The pictures :  I’m at Terminal 1, the International terminal / view outside of Terminal 1/ set your watch to Japan time, 16 hrs ahead of Seattle time/  the Narita aiport mascot points to something / my childhood favorite Kit Kat candy bars are available in green tea and wasabi flavor here / the red lettering ‘K’S COFFEE SHOP’ looks like Starbucks but its not, it’s Beck’s Coffee Shop /  ever seen a paper hippopotamus?  it’s from the origami art store, as is the scene from Red Riding Hood and the Big Bad Wolf !  he heh / check out the tuft of hair that the Gap Japan dude is sporting / and a Newsweek magazine showing 3.11 (as the day of the earthquake became known)

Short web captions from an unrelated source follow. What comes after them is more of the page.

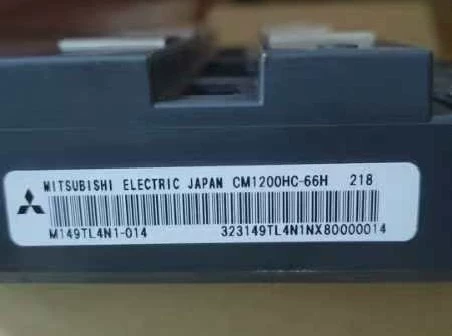Mitsubishi CM1200HC-66H IGBT thumbnail
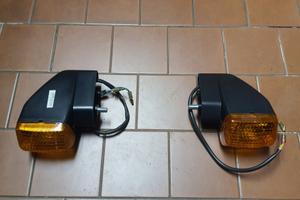 Frecce hond nsr 125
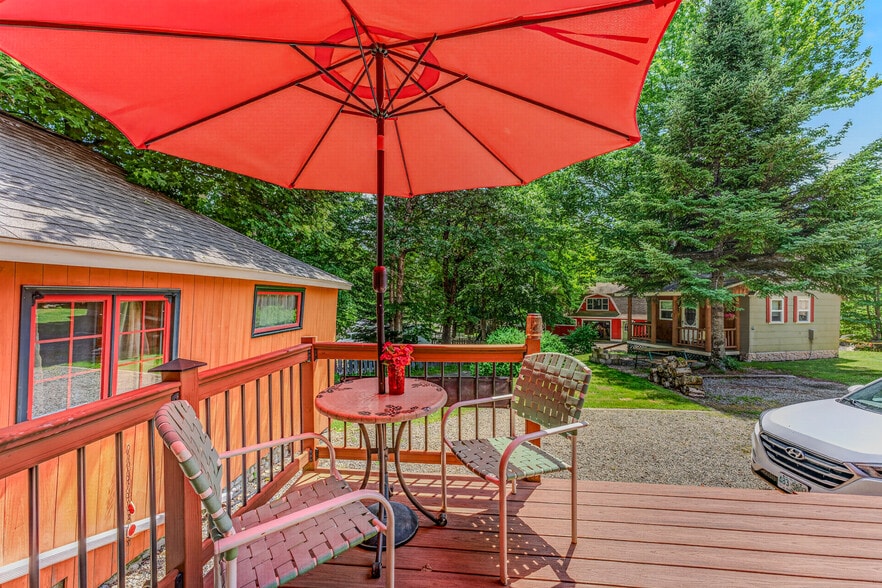 More Photos Of 218 US Route 3, Lincoln Hospitality For Sale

Saturday/ Hong Kong via Tokyo

I am at Seattle-Tacoma airport.   A Boeing 777 is going to fly us to Tokyo’s Narita airport.  There is also Haneda airport, closer to the city.    I see there was another tremor of 5.8 that shook buildings in Tokyo this Saturday morning there.    The layover time for the flight from there to Hong Kong is 3 hrs so I hope everything will be OK.   I’m not used to earthquake tremors!   (Is anyone?)    I actually need a little extra time since  United couldn’t issue my Tokyo-Hong Kong boarding pass – I have to get it in Tokyo.   (The connecting flight is is on ‘another’ air-line :  Continental.     So given that Continental and United are merging, they still have some merging to do!     I can also check out some of the souvenir and book stores at the airport.      Maybe I will find a Japanese-language Tintin book to add to my collection (classic European comic strip book from the 30s now translated in 50 languages).      I can also look for a book with the Doraemon character that I have seen on sweatshirts that my China colleagues wear.     Doraemon is an earless robotic cat (!) who travels back in time from the 22nd century to aid a schoolboy Nobita Nobi.     The character is a Japanese cultural icon and was riginally a manga series which later became an anime series and an Asian franchise.

Friday/ leaving tomorrow

The cloudy and rainy winter weather here in Seattle still lets up only now and then, and then I feel I have to run out and take pictures of the blue sky and buildings that reflect it.  I took the first two pictures in the Virginia St/ 9th Ave area on Thursday.      The Tutta Bella pizza restaurant is in Columbia City on the south in Seattle and is where we had some wood-fired pizza on Friday night.   We saw on the oven thermometer that it is a singeing 750 ºF (400 ºC) inside.   At that temperature it takes only 90 seconds to bake the pizza!    I fly to Tokyo’s Narita airport tomorrow directly from Seattle, and then to Hong Kong.    There is a few hours between the connecting flights, and I should have time to check out the stores at the airport.